Карташов оторопел. К такому резкому повороту он не был готов. Он-то думал, что я стану оправдываться, а он меня будет учить патриотизму. Стоило мне отойти от сценария, как усатый нянь сразу растерял свой обличительный задор. Он даже зыркнул глазками по стенам, боясь увидеть вместо портретов Политбюро галерею сионских мудрецов.

— Мы не кучка под флагом, — забурчал вожак черных рубах. — У нас движение массовое, боевое, национальное...

— Про массовость это вы газетчикам заливайте! — оборвал я его, наслаждаясь моментом. Даже в хреноватой ситуации можно отыскать приятную сторону. — И насчет «боевого» не канифольте мозги! У вас на всю компанию полтора человека с военным опытом... Кто обещал привлечь к себе участников кавказской заварухи?

— Их привлечешь, жди-ка! — скривился усатый. — Они там каждый второй с приветом или инвалид без рук, без ног. Кому же охота собирать отморозков по госпиталям и психушкам?

Я критически оглядел обоих гостей — от черных голенищ вонючих сапог до черных пилоток с блестящими нашлепками в виде черепочков.

— Не понимаю, — заметил я с притворным удивлением. — Решительно не понимаю. А где же вы прежде находили свои кадры, если не в психушках? В мусорных баках, что ли?..

После такого хамства гостям полагалось немедленно развернуться и хлопнуть дверью. Очкарик-адъютант уже был готов навострить отсюда лыжи. Но сам Карташов еще не мог поверить, что от его услуг отказываются. Похоже, великий патриот согласился бы замять скандальчик с еврейскими плясками: видно, наши бабки усатому были позарез.

— Хоть бы пивком угостил, по русскому-то обычаю... — примирительно сказал он, бросая жаждущий взгляд на книжный шкаф.

Карташов знал о наличии холодильника за запертой дверцей шкафа. Зато он не знал, что вместо жестяных банок там внутри охлаждается труп генсека. Замена неравноценная, согласен. Пиво можно пить, а от мертвого генсека проку уже никакого.

— Пивбар — на первом этаже, — объявил я, а потом демонстративно посмотрел на часы.

Теперь даже усатый Карташов понял, что его гонят в шею.
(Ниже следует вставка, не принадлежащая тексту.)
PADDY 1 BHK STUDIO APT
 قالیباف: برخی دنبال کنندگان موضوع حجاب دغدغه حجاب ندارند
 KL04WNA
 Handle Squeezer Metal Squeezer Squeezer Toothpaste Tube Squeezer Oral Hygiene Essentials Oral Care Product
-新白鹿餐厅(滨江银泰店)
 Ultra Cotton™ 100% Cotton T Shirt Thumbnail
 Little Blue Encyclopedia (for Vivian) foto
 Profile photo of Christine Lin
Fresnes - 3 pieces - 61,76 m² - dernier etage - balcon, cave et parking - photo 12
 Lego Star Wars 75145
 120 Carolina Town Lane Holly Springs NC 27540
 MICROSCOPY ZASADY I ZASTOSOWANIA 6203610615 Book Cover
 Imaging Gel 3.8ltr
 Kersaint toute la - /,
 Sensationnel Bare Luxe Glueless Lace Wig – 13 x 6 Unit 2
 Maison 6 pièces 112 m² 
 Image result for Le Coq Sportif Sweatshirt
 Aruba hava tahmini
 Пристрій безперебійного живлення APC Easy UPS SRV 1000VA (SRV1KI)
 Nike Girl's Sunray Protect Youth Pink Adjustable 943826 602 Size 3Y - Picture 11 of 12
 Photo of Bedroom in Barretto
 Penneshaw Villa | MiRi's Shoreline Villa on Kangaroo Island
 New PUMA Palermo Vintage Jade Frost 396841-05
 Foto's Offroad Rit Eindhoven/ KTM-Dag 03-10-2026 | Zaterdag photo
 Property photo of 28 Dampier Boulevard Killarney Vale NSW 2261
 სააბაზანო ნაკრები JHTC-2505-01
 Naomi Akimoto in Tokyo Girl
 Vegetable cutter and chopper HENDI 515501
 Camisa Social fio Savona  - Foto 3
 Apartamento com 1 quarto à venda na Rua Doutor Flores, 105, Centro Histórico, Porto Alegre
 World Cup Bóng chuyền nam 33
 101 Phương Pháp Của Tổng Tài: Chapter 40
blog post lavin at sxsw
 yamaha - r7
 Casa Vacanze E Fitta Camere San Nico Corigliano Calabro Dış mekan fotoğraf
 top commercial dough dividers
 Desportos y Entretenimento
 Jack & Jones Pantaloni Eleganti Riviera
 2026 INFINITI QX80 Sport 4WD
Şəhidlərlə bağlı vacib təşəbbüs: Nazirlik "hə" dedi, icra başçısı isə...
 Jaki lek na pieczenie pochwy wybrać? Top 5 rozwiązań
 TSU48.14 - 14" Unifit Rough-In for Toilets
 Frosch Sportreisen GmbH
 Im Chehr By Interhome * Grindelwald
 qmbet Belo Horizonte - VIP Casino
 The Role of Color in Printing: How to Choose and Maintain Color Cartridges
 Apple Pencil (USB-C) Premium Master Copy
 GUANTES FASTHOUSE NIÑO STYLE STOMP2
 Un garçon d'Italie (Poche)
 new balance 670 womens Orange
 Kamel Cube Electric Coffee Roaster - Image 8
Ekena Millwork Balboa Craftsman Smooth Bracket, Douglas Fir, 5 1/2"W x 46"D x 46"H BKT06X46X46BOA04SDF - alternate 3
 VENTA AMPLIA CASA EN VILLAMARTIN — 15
— Вот оно как, значить, — пробормотал он. — Ладночки, гражданин Сыроежкер, так и запишем. Придет время, это вам припомнится. И тебе, и пархатому твоему товарищу Зубатману. Кровавыми слезами будете плакать. Наша черная когорта сомнет ваш кагал...

— Привет когорте. — Я прощально помахал усатому рукой. — Голосуйте за товарища Зубатмана.

— Разберемся и без тебя, за кого голосовать! — злобно окрысился Карташов. — Мы не пропадем, патриоты всюду в цене!

С этими словами усатый и его адъютант очистили помещение, оставив после себя едкую вонь сапожного крема. Я включил эр-кондишен в полную силу. И, пока выветривались следы гостей, все раздумывал о судьбе карташовской Лиги. В самом деле, к кому им теперь податься? К Президенту? Болек не купит подержанный товар такого качества. К Изюмову? Изюмов бы их взял, до кучи. Но партии педиков Лига не по деньгам: усатый больно круто дерет, как будто эксклюзивно владеет патриотизмом...

Ход моих мыслей был нарушен телефонным тарахтеньем. Подавал голос не карманный мобильник, а один из трех обычных городских аппаратов, которыми в соседней комнате заведовала Царькова. После четвёртого-пятого звонка я смекнул, что лахудра куда-то слиняла с поста. Пришлось вырубить гудящий кондиционер и ответить самому.